Personal information
- Date of birth: 9 August 1966 (age 58)
- Place of birth: Brisbane, Queensland
- Original team(s): Wilston Grange (QAFL)
- Height: 191 cm (6 ft 3 in)
- Weight: 87 kg (192 lb)

Playing career^{1}
- Years: Club / Games (Goals)
- 1985–1987: Fitzroy / 055 (15)
- 1988–1996: Brisbane Bears / 138 (77)
- 1997: Brisbane Lions / 007 0(4)
- Total:  / 200 (96)
- ^{1} Playing statistics correct to the end of 1997.

Career highlights
- Mitchell Medal: 1987; Queensland State of Origin player;

= Scott McIvor =

Australian rules footballer

Scott McIvor (born 9 August 1966) is a former Australian rules footballer.
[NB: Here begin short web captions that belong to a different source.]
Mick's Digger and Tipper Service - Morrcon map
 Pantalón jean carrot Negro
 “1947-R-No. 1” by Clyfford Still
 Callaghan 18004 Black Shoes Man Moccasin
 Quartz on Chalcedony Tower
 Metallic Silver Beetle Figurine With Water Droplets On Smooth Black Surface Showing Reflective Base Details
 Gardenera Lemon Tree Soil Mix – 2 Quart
He made his V/AFL debut with Fitzroy in 1985 but played the majority of his career in his home state of Queensland with both the Brisbane Bears and Brisbane Lions.

Born in Brisbane, Queensland, McIvor played his junior football for Wilston Grange. Prior to starting his VFL career, McIvor captained his home state Queensland in the Teal Cup. At the age of 17, he was recruited by Fitzroy and finished second in their 1986 best and fairest before winning it in 1987.

The following season, he returned home to Queensland and joined the Brisbane Bears who were playing just their second season in the AFL. McIvor remained with the club for ten seasons until they merged with Fitzroy for the 1997 season. He finished with 138 games for the Bears; only Roger Merrett and Marcus Ashcroft managed more. He spent just the one season with the newly formed Lions before an injury forced him to retire.

After Fitzroy and Brisbane combined their respective histories in 2001, the club unveiled a new 200 game honor board at the Gabba which included Fitzroy, Brisbane, and Brisbane Lion players. The board was hung in the players' rooms with a replica for the members' area. The board itself was named the 'Curcio-McIvor' board, in honor of past players Frank Curcio and Scott McIvor.

In 2003, he was named as a wingman in the Queensland Team of the Century.